Kane needed an easy goal — or one to fly in off a wayward shin or flailing knee — and Henderson clipped the ball beautifully over Albania’s hapless defenders, rendering the goalkeeper completely out of position and finding the Spurs striker completely unmarked to nod in from a couple of yards out. Relief flooded through the rest of Kane’s performance.
While he has now scored six goals in his last five games for England, the three-time Premier League Golden Boot winner (including last year), has managed only one goal in the league this season, coinciding with his club’s struggles that have already cost one manager his job. New Spurs manager Antonio Conte will be delighted the international break has been used to rebuild fraying confidence.
Kane has tended to drop deeper in recent years and though it amassed him an impressive haul of assists to accompany his goals last season, it can leave England and Spurs short of presence up front. Last night, England got their striker back.
His brilliant, archetypal No 9 hold-up play that proved pivotal in England’s third goal: receiving the ball from Henderson with his back to goal, holding off a defender before cleverly slipping it back to Henderson to score.

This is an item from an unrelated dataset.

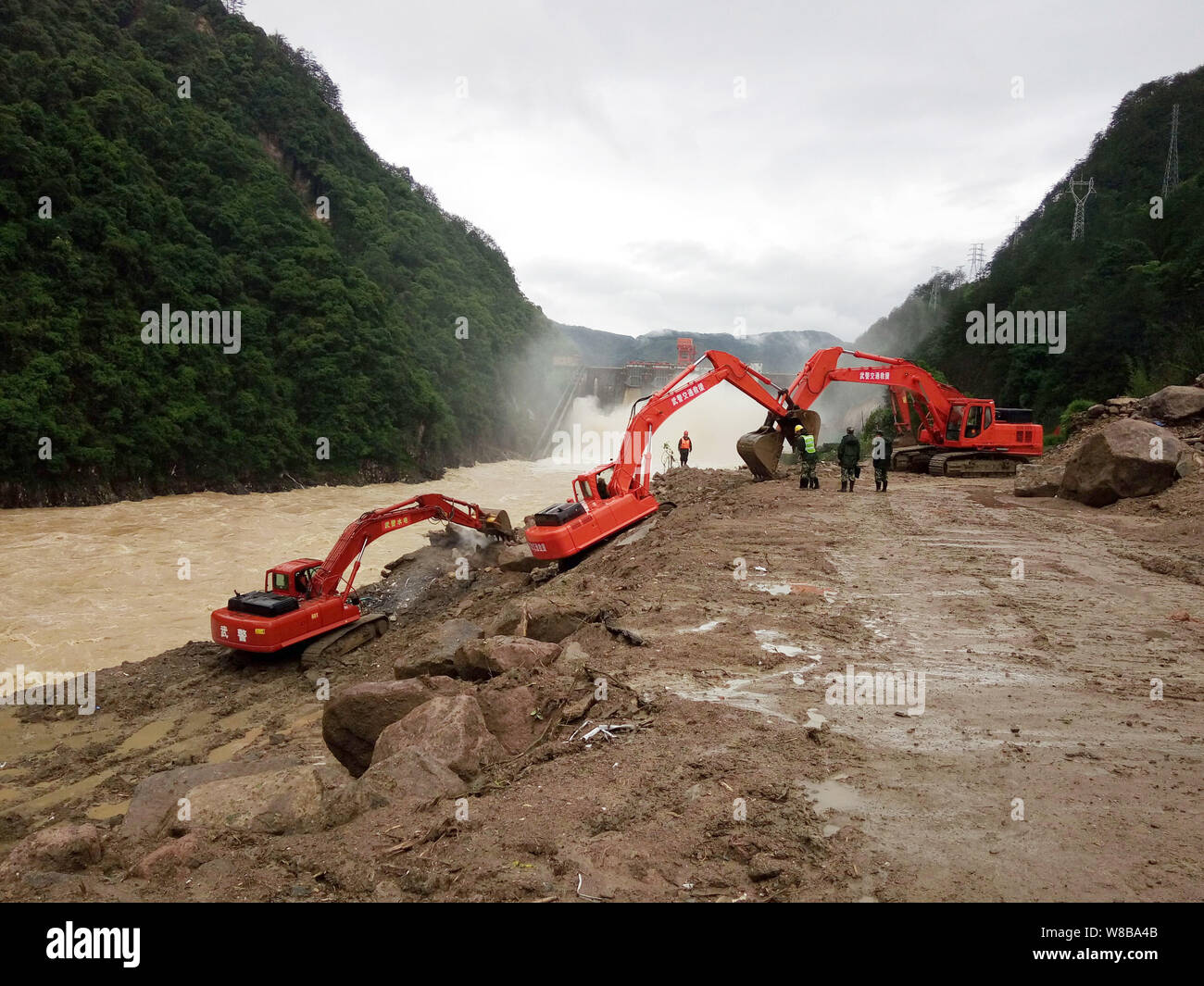 Chinese rescuers search for victims and survivors in debris of the massive landslide at a construction site in Chitan village, Taining county, Sanming Stock Photo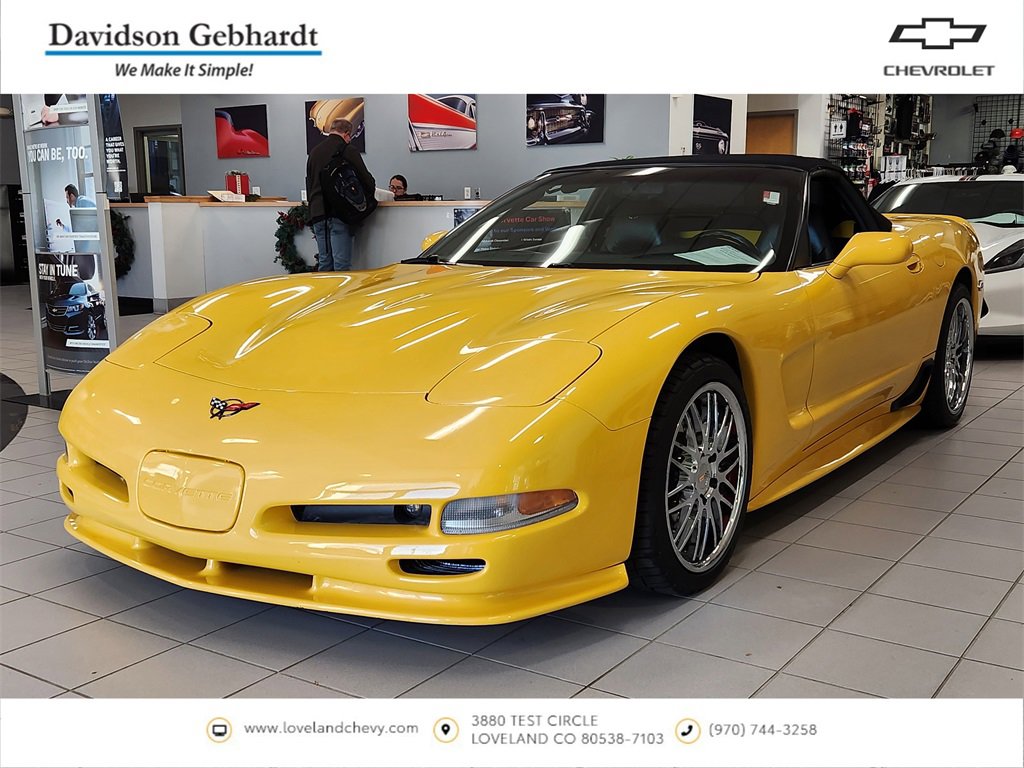 Used 2000 Chevrolet Corvette Convertible w/ Memory Pkg image 1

There he was, again, running off defenders’ backs and onto Raheem Sterling’s ball through to score his second. He hurled himself at crosses and shot inches wide of both posts in search of a third.
Acrobatically scoring his third on the stroke of half-time was indicative of a striker suddenly back to his best.
HARRY MAGUIRE
In Southgate’s attempt to remain strictly England-focussed and polite when discussing ahead of kick-off his decision to start Maguire despite poor form for Manchester United, it was hard not to laugh at the accidental implication.
“With us — and I can only talk about with us — he knows his role, he’s surrounded by good players, he’s one of a number of leaders so he hasn’t got to be leading everything,” Southgate said, in a sentence that could easily be interpreted as suggesting that at Manchester United he does not know his role, isn’t surrounded by good players and is in a side lacking leaders.
The form of the United captain has been as inconsistent as their results: from burying a goal in a three-goal comeback against Atlanta to conceding five by half-time against Liverpool.
But Maguire and Southgate go way back — the England manager gave the defender his debut, has eternally encouraged him to hold the ball at the back and play ambitious passes, built defences around him.
From his response on Friday night you can see why: Albania proved stubborn to breakdown in the reverse of this fixture back in March but Maguire cracked their defence with a powerful header in only the eighth minute, causing the dam to burst.
RAHEEM STERLING
Of Southgate’s star three, Sterling is perhaps the most under pressure after finding himself out of favour with Pep Guardiola at Manchester City. And there was an inkling at Wembley, at the very start, that Sterling was trying that little bit too hard.
With England two goals already to the good, he danced into Albania’s penalty area from the left wing only to ignore a ball across the box and try to wriggle between players to try for goal himself. It was sign of a player desperate to add his name to the scorers.
That said, when Sterling kept calm he showed everyone how essential he can be. His timing was perfect for England’s fourth: intercepting a poor pass on halfway, dribbling all of 30 yards before releasing Kane at the opportune moment.
Southgate will pray Sterling’s club status is settled by the time the squad fly to Qatar in 12 months’ time, and that future may not lie in Manchester. Sterling told a conference in the US in October that he was open to moving abroad and Guardiola reacted a little spikily by telling Sterling he was welcome to leave.
There is still a long way to go, but transfers of Sterling’s size can take time. And if England are to win the World Cup, Southgate will likely need Sterling to shine for his country as he consistently does.